Week in review
- U.S. February retail sales up 0.6% m/m
- U.S. February headline inflation rose 0.4% m/m
- U.S. February PPI inflation up 0.56% m/m
Week ahead
- U.S. Fed policy announcement
- Bank of Japan policy announcement
- Japan core CPI
Thought of the week
Last week, investors closely watched Japan’s spring wage negotiations, which the Bank of Japan (BoJ) has repeatedly telegraphed that it is key to determining whether a policy pivot is necessary. The first round results showed wage hikes of over 5%, significantly above last year’s 3.8%. If this is realized in the final round, it will be the highest since 1991, but two factors remain key – how much this sets a tone for small and medium firms (employing 70% the Japanese working population), and the effectiveness of the passthrough into higher consumption and more sustainable services inflation. We continue to expect the BoJ to raise rates in April, but the recent wage talks and upward revision to 4Q23 GDP are increasing the likelihood of it happening this week.

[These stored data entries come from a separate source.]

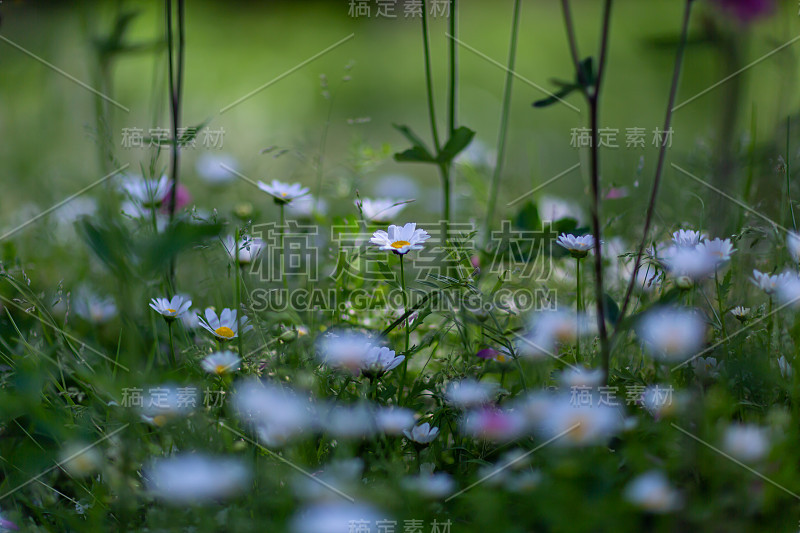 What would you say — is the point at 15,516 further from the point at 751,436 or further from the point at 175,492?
the point at 751,436

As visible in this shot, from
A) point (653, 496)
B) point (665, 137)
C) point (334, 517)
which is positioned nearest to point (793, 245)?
point (665, 137)

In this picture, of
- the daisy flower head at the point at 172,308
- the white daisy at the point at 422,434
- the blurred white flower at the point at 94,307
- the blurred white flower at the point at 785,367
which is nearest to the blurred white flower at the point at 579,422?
the white daisy at the point at 422,434

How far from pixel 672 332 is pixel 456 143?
1.39 feet

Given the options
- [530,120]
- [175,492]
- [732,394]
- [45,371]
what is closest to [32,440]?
[45,371]

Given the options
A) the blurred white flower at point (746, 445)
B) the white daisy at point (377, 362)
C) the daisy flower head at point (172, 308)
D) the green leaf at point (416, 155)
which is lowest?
the white daisy at point (377, 362)

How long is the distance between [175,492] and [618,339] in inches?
22.9

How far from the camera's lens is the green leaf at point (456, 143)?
992 millimetres

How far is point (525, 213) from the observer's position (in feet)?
3.67

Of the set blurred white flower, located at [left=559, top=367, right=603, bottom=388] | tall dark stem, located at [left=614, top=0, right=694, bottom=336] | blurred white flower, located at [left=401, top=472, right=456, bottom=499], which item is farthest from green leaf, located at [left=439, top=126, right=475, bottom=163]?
blurred white flower, located at [left=401, top=472, right=456, bottom=499]

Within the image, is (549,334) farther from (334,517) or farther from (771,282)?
(334,517)

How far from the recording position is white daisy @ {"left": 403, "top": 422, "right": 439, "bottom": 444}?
76 centimetres

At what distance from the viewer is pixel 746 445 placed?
63 cm

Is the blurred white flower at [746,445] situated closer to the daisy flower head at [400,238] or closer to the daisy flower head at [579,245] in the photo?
the daisy flower head at [579,245]

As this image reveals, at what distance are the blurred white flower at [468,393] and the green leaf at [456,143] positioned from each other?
0.36 m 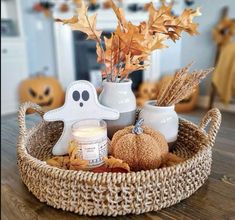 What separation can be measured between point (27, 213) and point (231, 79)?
1.79m

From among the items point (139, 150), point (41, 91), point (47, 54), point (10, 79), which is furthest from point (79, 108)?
point (47, 54)

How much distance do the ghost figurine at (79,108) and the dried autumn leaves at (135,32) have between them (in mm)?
80

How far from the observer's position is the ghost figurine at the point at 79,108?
534mm

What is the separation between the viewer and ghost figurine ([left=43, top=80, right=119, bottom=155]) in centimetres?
53

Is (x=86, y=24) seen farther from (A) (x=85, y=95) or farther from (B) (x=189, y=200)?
(B) (x=189, y=200)

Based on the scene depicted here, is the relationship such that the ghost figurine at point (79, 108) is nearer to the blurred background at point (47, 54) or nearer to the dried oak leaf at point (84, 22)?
the dried oak leaf at point (84, 22)

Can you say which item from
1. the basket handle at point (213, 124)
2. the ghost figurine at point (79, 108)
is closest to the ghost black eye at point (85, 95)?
the ghost figurine at point (79, 108)

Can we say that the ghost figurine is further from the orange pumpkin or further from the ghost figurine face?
the orange pumpkin

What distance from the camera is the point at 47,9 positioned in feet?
8.45

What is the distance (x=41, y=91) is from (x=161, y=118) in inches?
76.5

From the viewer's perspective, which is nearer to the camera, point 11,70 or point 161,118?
point 161,118

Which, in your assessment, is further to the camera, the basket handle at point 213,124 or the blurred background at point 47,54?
the blurred background at point 47,54

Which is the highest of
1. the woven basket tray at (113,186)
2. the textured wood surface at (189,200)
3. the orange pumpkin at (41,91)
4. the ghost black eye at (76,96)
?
the ghost black eye at (76,96)

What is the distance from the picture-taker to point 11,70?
2455 mm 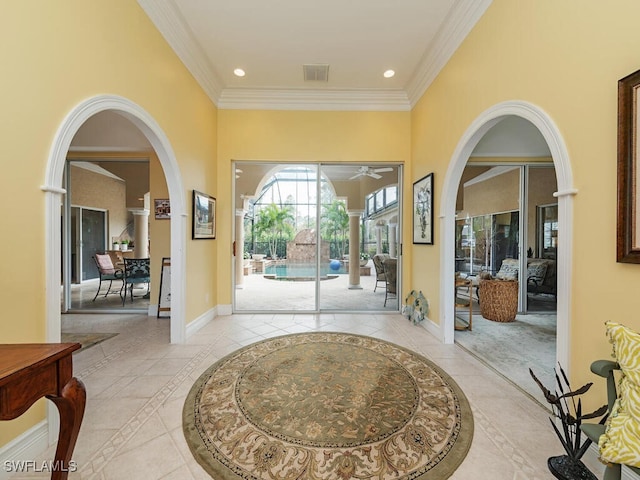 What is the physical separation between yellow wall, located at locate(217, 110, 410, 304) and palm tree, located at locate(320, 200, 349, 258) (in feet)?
3.31

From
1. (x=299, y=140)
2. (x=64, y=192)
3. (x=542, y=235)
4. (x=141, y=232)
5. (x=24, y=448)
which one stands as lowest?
(x=24, y=448)

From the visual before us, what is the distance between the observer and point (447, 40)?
312cm

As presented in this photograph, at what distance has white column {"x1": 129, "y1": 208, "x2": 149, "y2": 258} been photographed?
339 inches

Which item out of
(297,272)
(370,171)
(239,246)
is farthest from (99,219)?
(370,171)

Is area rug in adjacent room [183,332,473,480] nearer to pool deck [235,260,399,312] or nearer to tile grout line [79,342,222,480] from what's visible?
tile grout line [79,342,222,480]

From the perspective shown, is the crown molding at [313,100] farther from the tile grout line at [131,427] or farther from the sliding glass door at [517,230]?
the tile grout line at [131,427]

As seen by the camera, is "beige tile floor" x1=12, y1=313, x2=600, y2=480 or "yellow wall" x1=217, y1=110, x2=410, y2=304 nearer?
"beige tile floor" x1=12, y1=313, x2=600, y2=480

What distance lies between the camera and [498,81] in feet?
7.82

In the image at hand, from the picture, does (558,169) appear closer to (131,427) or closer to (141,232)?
(131,427)

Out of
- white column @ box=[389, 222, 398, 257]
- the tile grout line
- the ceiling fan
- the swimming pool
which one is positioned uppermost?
the ceiling fan

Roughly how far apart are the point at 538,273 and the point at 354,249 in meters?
3.71

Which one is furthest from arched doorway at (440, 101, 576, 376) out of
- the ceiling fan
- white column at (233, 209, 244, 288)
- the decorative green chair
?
white column at (233, 209, 244, 288)

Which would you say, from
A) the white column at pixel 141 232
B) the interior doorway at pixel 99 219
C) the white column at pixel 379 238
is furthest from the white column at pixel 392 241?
the white column at pixel 141 232

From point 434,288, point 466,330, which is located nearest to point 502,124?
point 434,288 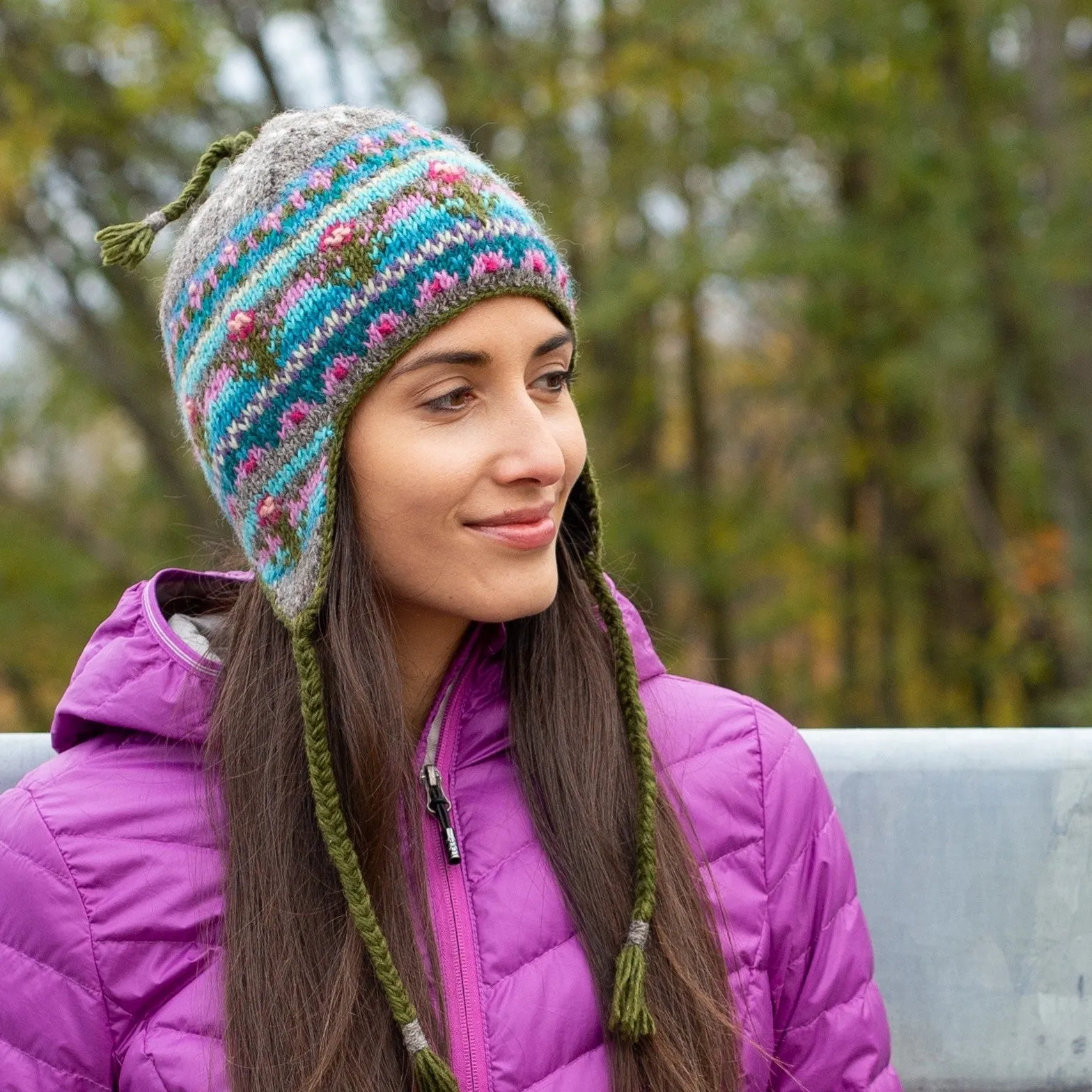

A BoJ pivot will likely also entail a pause in ETF and REIT purchases, which has indeed slowed despite the recent pullback in Japanese equities. However, BoJ’s purchases of JGBs might take time to end in order to maintain yield stability. In terms of the Yen, we don’t see a meaningful appreciation to come as the BoJ pivot is likely gradual and accommodative, and we also see little risks to unexpected BoJ hawkishness or Fed dovishness. The impact of a modest Yen appreciation on Japanese equities should also be cushioned by resilient corporate profitability, the revitalization of the corporate sector from reflation, as well as the weakening correlation between the currency and equities.